* Task brief
Using the listing below, copy exactly the lines from the one containing "The next shade" to the one containing "In British English it's", both lines included, and no others.

* Exercise material
<<<<
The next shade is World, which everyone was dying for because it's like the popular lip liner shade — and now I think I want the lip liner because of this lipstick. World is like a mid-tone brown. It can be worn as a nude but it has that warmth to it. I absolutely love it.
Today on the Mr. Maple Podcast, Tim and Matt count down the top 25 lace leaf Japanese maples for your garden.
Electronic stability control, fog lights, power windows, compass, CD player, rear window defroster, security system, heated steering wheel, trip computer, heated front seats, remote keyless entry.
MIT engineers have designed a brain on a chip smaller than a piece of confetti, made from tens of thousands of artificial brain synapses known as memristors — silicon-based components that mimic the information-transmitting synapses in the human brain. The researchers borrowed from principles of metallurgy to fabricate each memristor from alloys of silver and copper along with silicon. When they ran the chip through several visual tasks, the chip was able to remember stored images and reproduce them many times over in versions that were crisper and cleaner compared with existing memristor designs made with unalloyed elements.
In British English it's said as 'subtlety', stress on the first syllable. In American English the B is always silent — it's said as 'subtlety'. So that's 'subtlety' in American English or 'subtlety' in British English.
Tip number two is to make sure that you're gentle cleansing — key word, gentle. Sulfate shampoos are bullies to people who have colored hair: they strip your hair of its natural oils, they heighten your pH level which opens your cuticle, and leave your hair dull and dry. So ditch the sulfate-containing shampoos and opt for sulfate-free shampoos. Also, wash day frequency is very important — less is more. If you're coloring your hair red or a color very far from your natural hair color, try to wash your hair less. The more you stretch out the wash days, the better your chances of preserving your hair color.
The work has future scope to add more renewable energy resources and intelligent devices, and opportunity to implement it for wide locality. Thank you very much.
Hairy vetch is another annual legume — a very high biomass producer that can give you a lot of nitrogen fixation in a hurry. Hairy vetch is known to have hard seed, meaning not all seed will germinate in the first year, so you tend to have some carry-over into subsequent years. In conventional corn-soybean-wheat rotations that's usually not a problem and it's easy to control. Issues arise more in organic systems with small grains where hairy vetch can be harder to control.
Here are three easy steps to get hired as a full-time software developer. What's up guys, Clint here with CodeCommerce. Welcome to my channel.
>>>>
<<<<
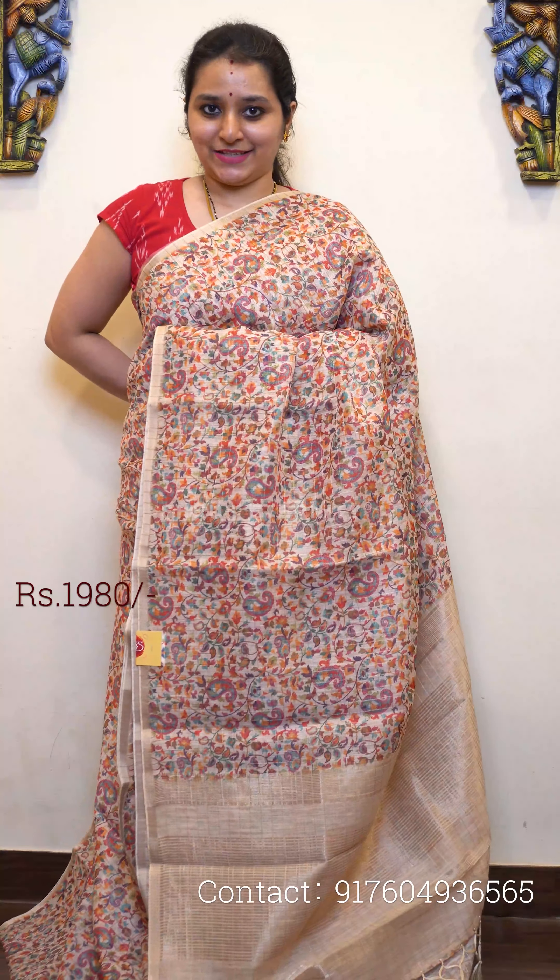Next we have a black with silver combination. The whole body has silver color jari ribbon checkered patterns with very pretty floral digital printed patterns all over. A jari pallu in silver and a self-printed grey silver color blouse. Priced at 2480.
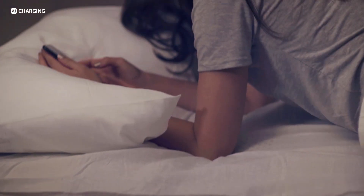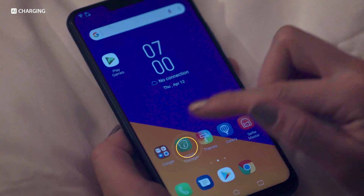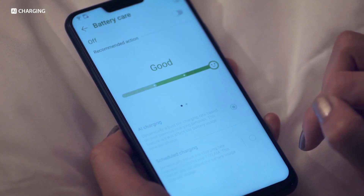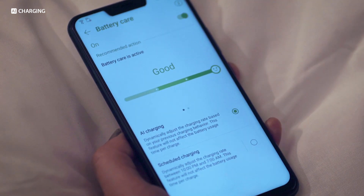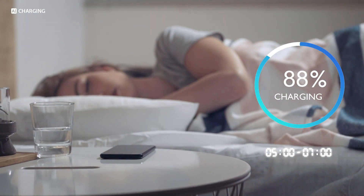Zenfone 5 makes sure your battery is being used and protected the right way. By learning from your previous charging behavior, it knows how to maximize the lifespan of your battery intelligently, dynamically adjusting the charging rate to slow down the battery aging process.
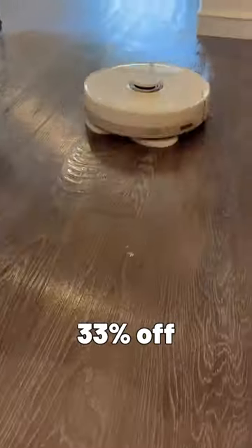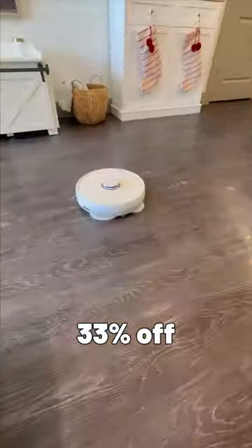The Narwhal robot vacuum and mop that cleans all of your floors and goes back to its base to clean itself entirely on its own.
>>>>
* Your solution
The next shade is World, which everyone was dying for because it's like the popular lip liner shade — and now I think I want the lip liner because of this lipstick. World is like a mid-tone brown. It can be worn as a nude but it has that warmth to it. I absolutely love it.
Today on the Mr. Maple Podcast, Tim and Matt count down the top 25 lace leaf Japanese maples for your garden.
Electronic stability control, fog lights, power windows, compass, CD player, rear window defroster, security system, heated steering wheel, trip computer, heated front seats, remote keyless entry.
MIT engineers have designed a brain on a chip smaller than a piece of confetti, made from tens of thousands of artificial brain synapses known as memristors — silicon-based components that mimic the information-transmitting synapses in the human brain. The researchers borrowed from principles of metallurgy to fabricate each memristor from alloys of silver and copper along with silicon. When they ran the chip through several visual tasks, the chip was able to remember stored images and reproduce them many times over in versions that were crisper and cleaner compared with existing memristor designs made with unalloyed elements.
In British English it's said as 'subtlety', stress on the first syllable. In American English the B is always silent — it's said as 'subtlety'. So that's 'subtlety' in American English or 'subtlety' in British English.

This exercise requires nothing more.